With no other idea what to say, Anna pretended she hadn't heard. “What?”

“They're coming. They're coming here! What the fuck is going on? We need my dad!”

Anna tried to concentrate through the noise and the desire to do murder. Her dad. Moreno. That had something to do with why she was here, she was pretty sure. “He's . . . busy. Who's coming?”

A weird roar sounded, something like a heavy cough, subdued beneath the endless chord that hung in the air, but loud enough. Freak waved her hands helplessly. “That.”

“Your dad's . . .” Anna looked around, and some of the details filled themselves in. She hadn't gone far. The burned storefront was just a couple of doors down from a waterlogged mess of a grocery store with blown-out front windows. From here, she could see the door to the back, the one she'd been guarding. Blue light blazed from every crack around the jamb. A single Loco with a gun stood in front of it, the terror on his face so evident from even this distance that she judged it a miracle he hadn't run. “He's helping the priest. How many are on the way? And . . . what are they?”

“I don't know! A bunch. With a—”

“Oh, shit,” Anna said. A monster lumbered around the side of the church. It looked like a truck-sized leathery garbage bag with elephant legs. It had helpers, at least three people who skirted around it as it walked.

Something else moved in her peripheral vision, and she turned her head to see. More of Belial's goons, coming out of the alley she'd thought the snake thing had gone down. A bald guy with a limp gave her the finger.

She started backing up.

“What's happening?” Freak asked.

“We gotta stop them, right here, or we are all fucked.”

“But—”

“Get in the grocery store—now—and do not let anything come through that door.”

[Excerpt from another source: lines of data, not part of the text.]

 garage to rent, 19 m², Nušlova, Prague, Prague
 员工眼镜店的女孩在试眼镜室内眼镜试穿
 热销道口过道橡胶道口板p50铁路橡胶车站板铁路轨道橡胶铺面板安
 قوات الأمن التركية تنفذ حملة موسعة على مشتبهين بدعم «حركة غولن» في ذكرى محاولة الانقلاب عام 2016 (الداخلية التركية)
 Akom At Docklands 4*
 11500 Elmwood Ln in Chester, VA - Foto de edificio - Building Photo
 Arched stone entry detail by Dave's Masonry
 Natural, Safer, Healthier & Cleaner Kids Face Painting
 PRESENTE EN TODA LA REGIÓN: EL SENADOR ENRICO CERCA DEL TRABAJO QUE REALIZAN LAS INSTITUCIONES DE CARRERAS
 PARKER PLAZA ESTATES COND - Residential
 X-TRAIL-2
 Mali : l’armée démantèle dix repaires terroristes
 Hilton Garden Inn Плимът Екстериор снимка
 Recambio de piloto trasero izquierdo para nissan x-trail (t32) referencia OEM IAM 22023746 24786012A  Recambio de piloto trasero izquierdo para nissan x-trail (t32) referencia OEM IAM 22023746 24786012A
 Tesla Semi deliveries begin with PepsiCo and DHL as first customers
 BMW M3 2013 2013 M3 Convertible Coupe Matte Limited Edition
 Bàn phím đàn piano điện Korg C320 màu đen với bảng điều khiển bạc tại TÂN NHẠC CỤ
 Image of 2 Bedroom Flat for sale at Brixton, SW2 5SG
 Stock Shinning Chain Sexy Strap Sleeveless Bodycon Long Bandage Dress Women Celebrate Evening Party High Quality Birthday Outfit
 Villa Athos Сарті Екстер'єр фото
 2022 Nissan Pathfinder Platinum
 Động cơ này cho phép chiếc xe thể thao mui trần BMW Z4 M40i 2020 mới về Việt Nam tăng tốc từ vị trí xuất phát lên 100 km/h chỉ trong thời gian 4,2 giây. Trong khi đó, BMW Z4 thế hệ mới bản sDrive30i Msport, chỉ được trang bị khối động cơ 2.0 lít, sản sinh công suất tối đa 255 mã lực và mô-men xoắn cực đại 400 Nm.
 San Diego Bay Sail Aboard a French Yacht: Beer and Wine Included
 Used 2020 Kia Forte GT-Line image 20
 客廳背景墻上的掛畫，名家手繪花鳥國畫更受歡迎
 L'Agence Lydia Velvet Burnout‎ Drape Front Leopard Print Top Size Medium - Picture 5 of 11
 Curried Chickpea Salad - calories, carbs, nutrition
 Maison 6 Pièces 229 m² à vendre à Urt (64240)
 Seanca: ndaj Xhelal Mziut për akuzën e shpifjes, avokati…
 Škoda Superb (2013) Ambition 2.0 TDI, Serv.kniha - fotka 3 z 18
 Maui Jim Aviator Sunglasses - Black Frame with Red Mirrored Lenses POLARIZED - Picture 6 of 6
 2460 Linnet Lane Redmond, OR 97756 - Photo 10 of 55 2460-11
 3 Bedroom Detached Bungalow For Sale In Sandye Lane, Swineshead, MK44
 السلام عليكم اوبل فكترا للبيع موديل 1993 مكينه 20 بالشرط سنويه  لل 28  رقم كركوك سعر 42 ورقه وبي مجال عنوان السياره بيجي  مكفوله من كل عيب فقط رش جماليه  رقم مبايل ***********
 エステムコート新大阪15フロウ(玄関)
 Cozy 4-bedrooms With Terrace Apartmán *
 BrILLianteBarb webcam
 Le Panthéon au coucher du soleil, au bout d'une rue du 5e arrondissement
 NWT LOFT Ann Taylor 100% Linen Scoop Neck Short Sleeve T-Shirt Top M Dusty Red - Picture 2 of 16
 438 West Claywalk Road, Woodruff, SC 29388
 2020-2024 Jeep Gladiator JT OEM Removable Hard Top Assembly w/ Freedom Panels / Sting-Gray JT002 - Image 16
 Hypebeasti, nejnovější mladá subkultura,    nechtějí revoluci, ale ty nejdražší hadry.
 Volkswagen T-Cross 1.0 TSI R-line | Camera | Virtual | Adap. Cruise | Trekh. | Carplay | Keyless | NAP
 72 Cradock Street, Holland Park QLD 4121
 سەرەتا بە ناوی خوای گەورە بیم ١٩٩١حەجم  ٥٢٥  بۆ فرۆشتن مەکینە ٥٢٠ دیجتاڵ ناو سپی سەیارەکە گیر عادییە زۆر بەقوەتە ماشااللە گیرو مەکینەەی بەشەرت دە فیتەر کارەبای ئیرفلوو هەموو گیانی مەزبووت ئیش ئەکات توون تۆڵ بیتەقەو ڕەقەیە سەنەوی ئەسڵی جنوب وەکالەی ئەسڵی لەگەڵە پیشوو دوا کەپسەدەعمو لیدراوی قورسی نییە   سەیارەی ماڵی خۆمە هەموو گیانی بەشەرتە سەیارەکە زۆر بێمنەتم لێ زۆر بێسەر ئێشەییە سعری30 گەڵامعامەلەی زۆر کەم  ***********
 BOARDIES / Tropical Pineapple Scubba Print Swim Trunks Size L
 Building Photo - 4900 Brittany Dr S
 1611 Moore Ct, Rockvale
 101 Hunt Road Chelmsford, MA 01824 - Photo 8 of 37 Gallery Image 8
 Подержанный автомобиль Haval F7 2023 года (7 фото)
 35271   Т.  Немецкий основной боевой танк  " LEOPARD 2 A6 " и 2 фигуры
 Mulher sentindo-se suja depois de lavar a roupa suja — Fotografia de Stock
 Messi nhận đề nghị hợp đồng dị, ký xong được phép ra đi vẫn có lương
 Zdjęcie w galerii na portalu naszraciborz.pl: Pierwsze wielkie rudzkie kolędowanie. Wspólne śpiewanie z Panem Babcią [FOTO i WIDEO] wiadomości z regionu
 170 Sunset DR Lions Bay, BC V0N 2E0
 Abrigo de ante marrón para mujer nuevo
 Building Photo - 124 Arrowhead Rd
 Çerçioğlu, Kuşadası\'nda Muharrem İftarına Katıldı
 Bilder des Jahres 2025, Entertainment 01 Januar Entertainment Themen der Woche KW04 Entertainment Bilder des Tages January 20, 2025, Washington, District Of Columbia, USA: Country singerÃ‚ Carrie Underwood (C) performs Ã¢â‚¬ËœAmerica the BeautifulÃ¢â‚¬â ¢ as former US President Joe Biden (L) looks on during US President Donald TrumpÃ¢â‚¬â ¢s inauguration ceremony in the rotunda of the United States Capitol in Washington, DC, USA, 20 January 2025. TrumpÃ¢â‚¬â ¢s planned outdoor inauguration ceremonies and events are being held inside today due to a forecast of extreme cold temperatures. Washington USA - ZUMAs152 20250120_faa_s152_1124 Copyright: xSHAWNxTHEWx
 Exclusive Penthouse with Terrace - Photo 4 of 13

The bald guy pulled a gun and squeezed off a couple of shots. The rage swelled in Anna again, and her hands twisted into claws, but before she could rush the guy, Freak
fired back. She missed, but the interruption was enough to break Anna's momentum.

“Come on!” Anna said. She dragged Freak back into the store with the others following. Shouts went up from behind them, followed by another heavy cough. Anna pressed her back to the door. The glyphs had faded to unintelligibility, mere suggestions on the wall that could have been crazy patterns of shadow. The last of the power she'd drawn on there was still crackling in her body. Beyond that, she'd need time to prepare.

She turned to face the front door, Freak and three scared kids by her side. If she'd had any doubt where the coughing monster was headed, they were gone now. It stomped straight toward them.